Her voice rose to a shriek; and, falling upon her knees, she beat the soft moss of the pathway with her fists in frenzy.
“Get up, you little fool!” Jim snapped. “I’m not a ghost. I’m alive: look at me.”
She stared at him with her mouth open, crawled forward, and rose to her feet. Suddenly, as the truth seemed to dawn upon her, the colour surged into her cheeks, and there came an expression of hatred into her face which Jim had not seen before, and which wholly surpassed the animosity he himself felt.
“You’re alive?” she gasped. “You weren’t murdered? You’ve just played a trick on me?”
“Yes,” he answered. “I didn’t mean to turn up again, only circumstances have compelled me to.”
“You can’t come back!” she cried, wringing her hands in such desperation that a certain degree of pity was added to Jim’s tumult of emotions. “You’re dead: you can’t come back to life again, you can’t, you can’t!... Spoiling everything like this, you beast!—you devil! Oh, I might have guessed it was all a dirty trick to spite me. You’ve been living with some other woman, I suppose. Well, go back to her. I’ve done with you. Nobody wants you here: we all thanked Heaven when you died. You were always impossible.”
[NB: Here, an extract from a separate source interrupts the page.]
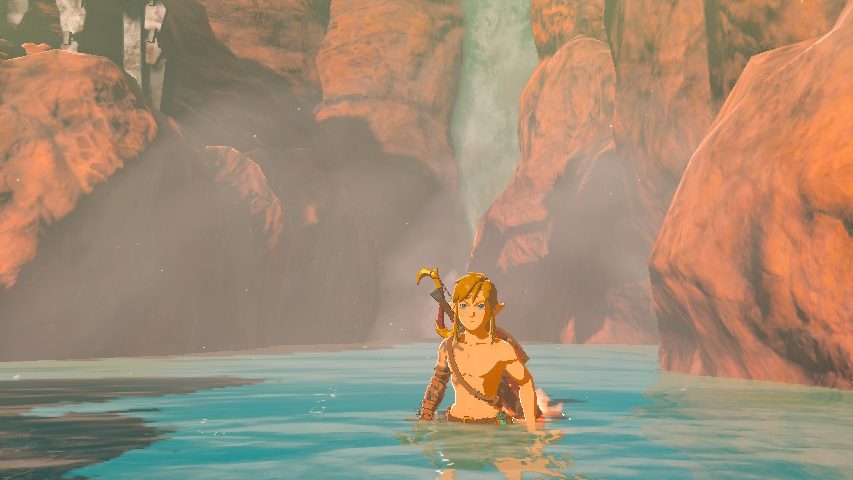 Link is not wearing a shirt, and he stands submerged in a turquoise hot spring which steam rising from it. The spring is surrounding by red rock formations.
She moved to and fro, now twisting her gloves in her hands, now pointing at him with shaking fingers, and now clutching at her breast and throat.
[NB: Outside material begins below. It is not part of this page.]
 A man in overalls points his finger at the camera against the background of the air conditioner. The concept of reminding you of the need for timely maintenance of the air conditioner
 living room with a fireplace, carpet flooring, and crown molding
“Well, there it is,” Jim said, feeling himself to be in the wrong. “I’m sorry about it all, but here I am, alive. I’m not going to bother you. All I want is for you to divorce me for desertion, so that I can be quit of you and Eversfield for the rest of my life.”
“Divorce you?” she repeated, furiously. “Divorce a dead man? Make myself a laughing stock? Why, I’ve only just paid for a memorial tablet for you in the church; a lying tablet, too, in which I’ve called myself your ‘sorrowing widow.’ It isn’t true. I felt no sorrow: I think I always detested you. I should never have married you if it hadn’t been for mother saying you were such a good match. And now, just when I’ve found a real man, a man who will look after me, you come sneaking home again, prowling about like a tramp, or a burglar, or something. I wish to God you were dead!”
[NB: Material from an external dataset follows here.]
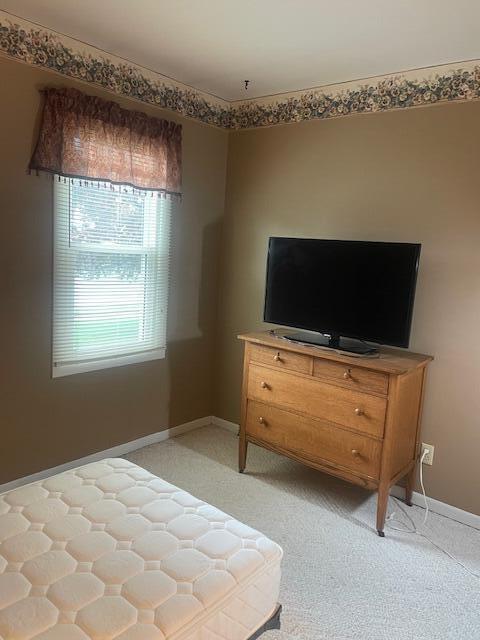 bedroom featuring baseboards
Under her lashing tongue, Jim was nonplussed. He wanted to tell her how she had made his life impossible by her shams and pretences, her crude view of marriage, her intrinsic uselessness; but words were not forthcoming. “As far as you are concerned,” he said lamely, “I shall be dead as soon as you divorce me. It will mean postponing your marriage for a few months: that’s all.”